Last updated 9/9/2009 at Noon

In the year since Hurricane Ike, Bridge City officials have kept up with permit records in the “A” Flood Zone – the area most hit by the storm surge. 

Out of 634 of those property owners, 200 have not been heard from yet, said City Manager Jerry Jones.

“In the very near future we’re going to be sending out a letter and find out what those new numbers are,” he said.

City officials have yet to receive any of the $9 million promised by the Office of Rural Community Affairs, but are anxious to get started with rebuilding, Jones said.

“All the plans are basically done,” he said. “We are waiting on contracts to the engineers and the consultants. I visited with ORCA yesterday and those contracts are supposedly being mailed out now. So we’re hoping we can get started on those project relatively soon.”

Those repairs include 11 miles of street improvements, repairs on two generators and installation of at least 13 new ones and sewer line upgrades.

“In Bridge City we have a lot of areas that, when they get a lot of rain, the sewer lines fill up; and what we want to do is reduce that infiltration,” Jones said.

Some lines also need to be cleaned from debris that washed inside during the storm.

School officials, with a new school on the way to replace the Sims and Hatton campuses, expect a larger-than-usual enrollment this year. Jones said that could be because of an influx of younger buyers moving to the area.

“What we are seeing are a lot of older property owners that don’t want to spend the money to rebuild,” he said. “We’re seeing younger people come in and buy these houses at a reduced rate then fix them up, and since we are building a new school they are interested in our district.” Some younger buyers are also purchasing property for rental purposes, Jones said.

Business wise, Jones said things “ ... look real good right now. Things are coming back.

“The CVS is opening soon, McDonald’s has rebuilt and we have the new hotel coming in (an Econolodge).”

Economic Development Corp. Director Bobby Fillyaw said that, while it is known that some businesses are coming back and that people are moving to the area, exact figures aren’t available. For instance, he said, one woman was rebuilding her business, but then passed away.

Another business closed, but soon another one moved in.

And other businesses that are rebuilding have not re-opened yet.

“We know there’s been an influx of people – but we can’t say ‘It’s 5 percent in this area or 10 percent in this area,” he said.

Likewise, Orange City Manager Shawn Oubre said figures were scarce for the city of Orange and the hard-hit Cove area. “In the Cove we’re aware that some have left and some still have pending insurance claims, but we don’t have a figure or measure as to who or how many came back,” he said.

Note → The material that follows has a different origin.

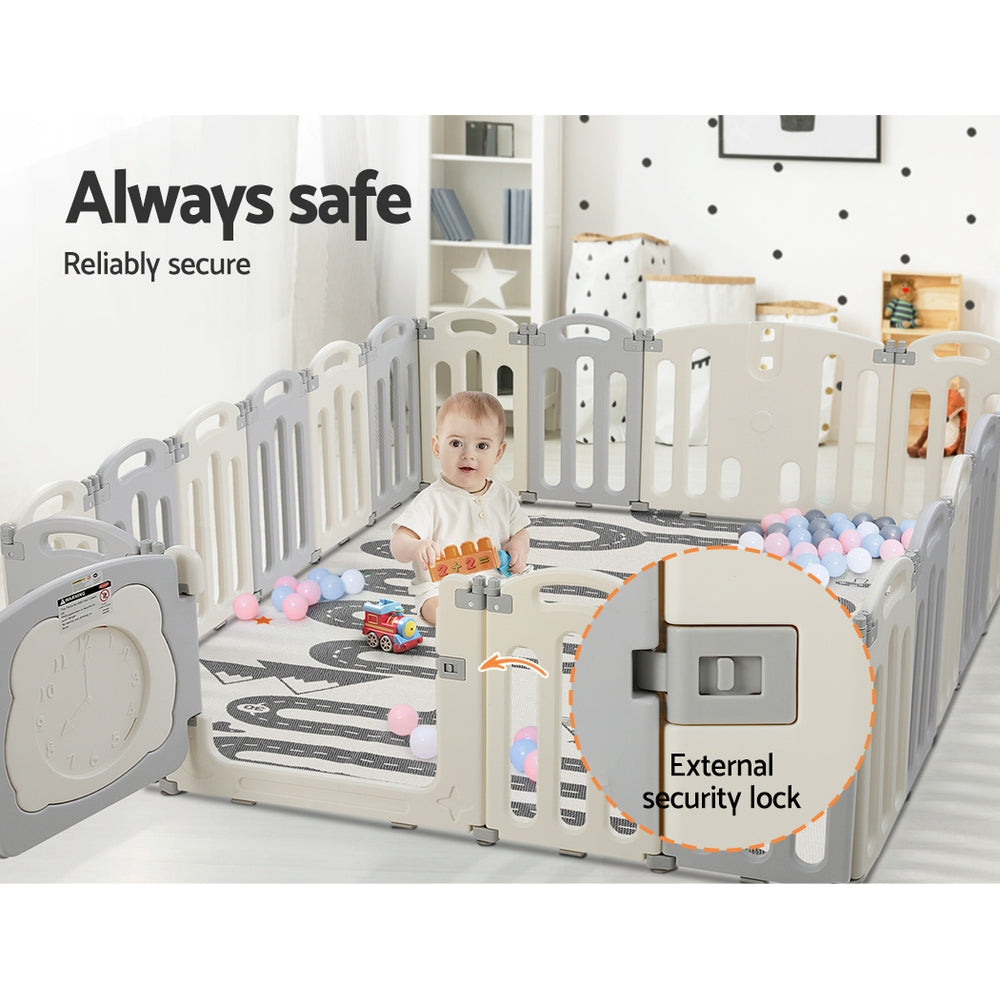 Keezi Baby Playpen 20 Panels Foldable Toddler Fence Safety Play Activity Centre Keezi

FEMA’s Ray Perez said that 930 people in Orange County were still in FEMA trailers out of about 2,000 who applied for and received them.

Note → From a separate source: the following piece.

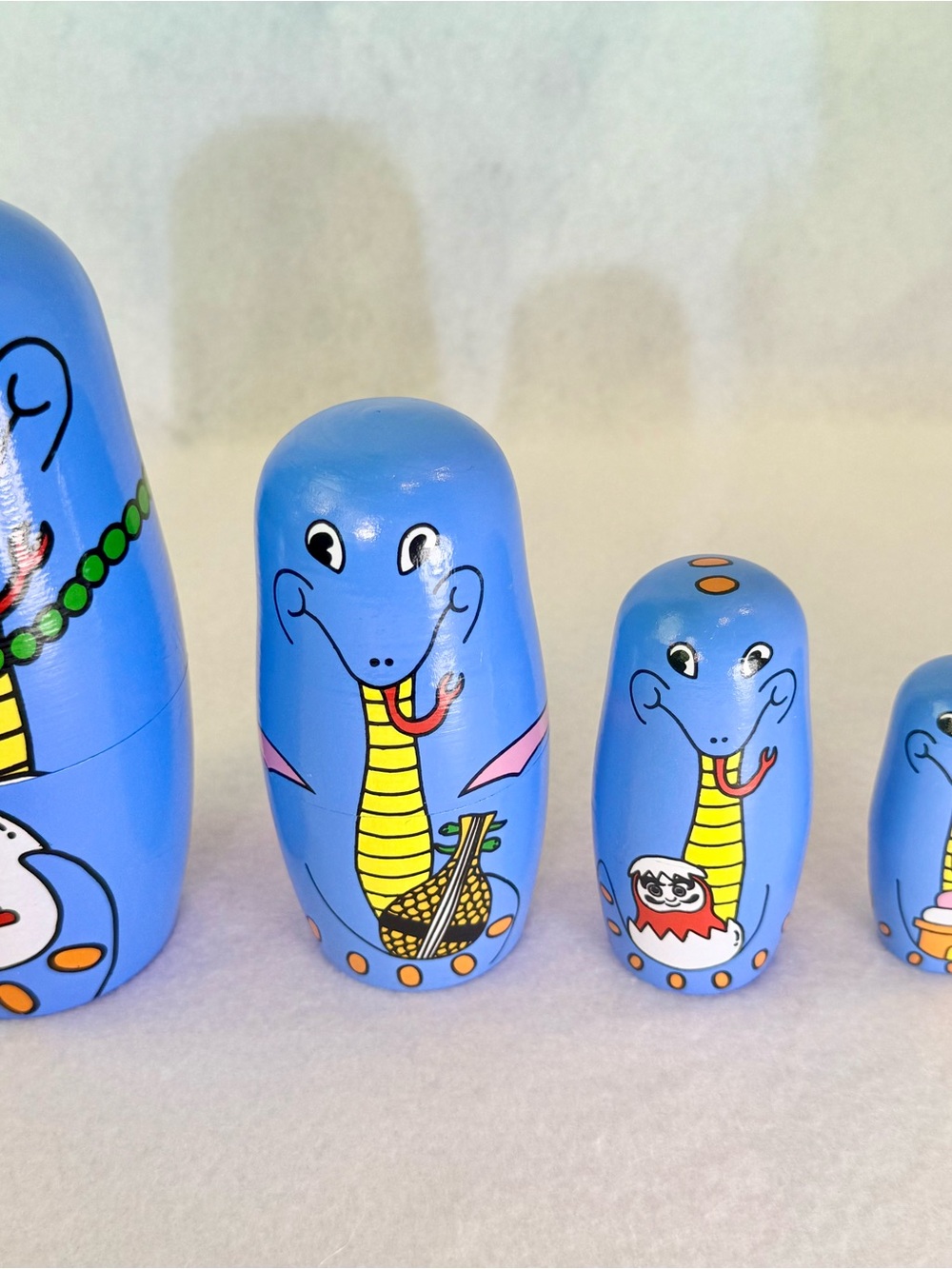 Midori Komatsu X Detail Inc. Happy New Snake Nesting Doll Set Blue Yellow 5pcs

According to a new FEMA Web site, (, as of Sept. 7 in Orange County, $68.2 million in grants has been funded for individual assistance to 8,039 eligible applicants; housing assistance grants of some $55 million to 7,052 eligible applicants; and small business loans of $96.8 million.

Other Orange County grants include (applicants listed are in the FEMA system only):

• Debris removal: Eligible applicants, 17; monies funded: $17,651,107.55.

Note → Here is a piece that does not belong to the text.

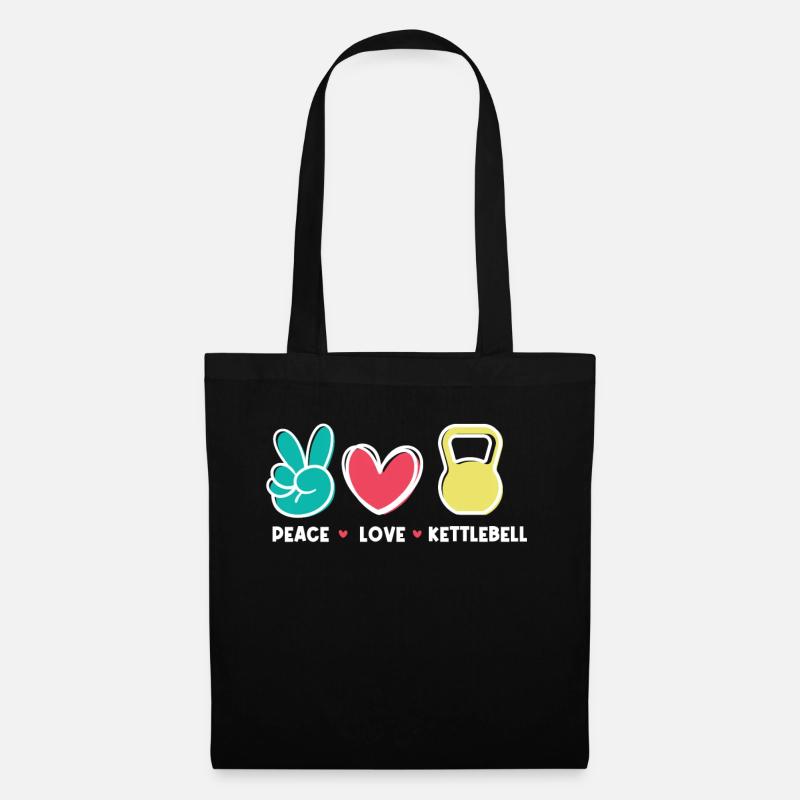 Peace Love Kettlebell - Stoffbeutel - Schwarz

• Emergency Protective Measures: Eligible applicants, 145; monies funded: $9,862,851.34.

• Road Systems and Bridges: Eligible applicants, 11; monies funded: $2,480,659.36.

• Water Control Facilities: Eligible applicants, 2; monies funded, $52,117.89.

• Buildings, Contents, and Equipment: Eligible applicants, 276; monies funded: $12,859,517.82.

• Parks, Recreational and Other: Eligible applicants, 58; monies funded: $559,968.80.